Should the town embrace the potential for denser development offered to builders by the state’s affordable housing law — trying to guide it to better serve town needs — or wage a determined resistance, battling on through a series of retreats as one site after another fills up with houses, condos, and apartments?
The question underlies the selectmen’s discussion in December with developers proposing to build senior housing on Danbury Road near the entrance to the Recreation Center and Founders Hall.
With 30 units approved under the state’s 8-30g affordable housing law, the developers sought an expansion of the sewer district so the project could be enlarged by 54 to a total of 84 units — with the added units possibly built under the town’s multifamily regulation, dodging 8-30g’s requirement that 30% of units meet state affordability guidelines.
Talking with the developers, the selectmen saw some benefits to this sewer district expansion. There’s a senior population that would be well served. It would enlarge the town’s tax base. Multifamily projects work better on sewers than on communal septic systems, especially in the long haul of many years — and a communal septic system is what’s currently planned for the developers’ approved 30-unit building.
There are also concerns.
The biggest is traffic — it’s hard to think of a stretch of highway in town where more cars would be less welcome. Or pulling out into traffic would be more problematic. One obvious solution would be a traffic light — but who wants another traffic light in a short stretch of Danbury Road that already has two?

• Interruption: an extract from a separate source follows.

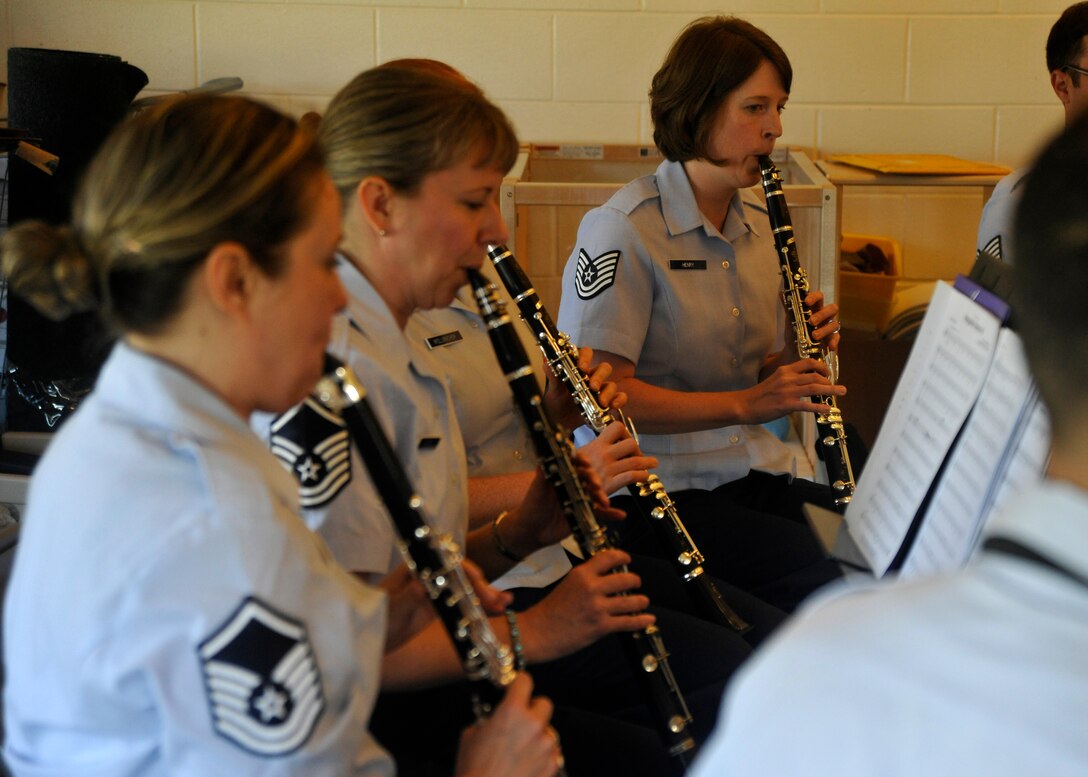 Members of The U.S. Air Force Band's Clarinet Choir perform for students at the Joint Base Anacostia Bolling Child Development Center II June 16, 2013. CDC II students spent the morning enjoying the choir's music and were even given the opportunity to perform alongside the choir by shaking rattling noise makers during a few song selections. (U.S. Air Force photo/Senior Airman Lindsey A. Porter)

There’s an aesthetic aspect that kind of play two ways. The developers’ coach home project on Sunset Lane is nicely done, overall. Still, it’s hard to see how this entryway to Ridgefield’s central commercial areas would be improved by adding three-story,15-unit buildings to the landscape.
But the structure the developers already pushed through using 8-30g is 30 units, and less attractive. The selectmen proposed — although the developers resisted — the notion of dropping or substantially reworking that structure as part of the larger development plan that would be possible with the sewer expansion.
Enlarging the sewer district could also be seen as a precedent, an invitation to other developers to put forward higher density, more lucrative proposals.
And development itself — Ridgefield’s growth from quiet village to traffic-filled suburb — is something the majority of town residents have long been grumpy about. People move to town not just for the schools but the rural illusion — the forested hills, the houses nestled in the woods, the winding roads lined with overhanging trees.
Yes, growth is inevitable. Former Planning and Zoning Commission and Conservation Commission member Nelson Gelfman acknowledged this by saying the commission makes two kinds of decisions: those that speed up development, and those that slow it down.
The push of time’s bulldozers is relentless. Change cannot be stopped. But it can be slowed down. And who would blame us for trying to drag our feet?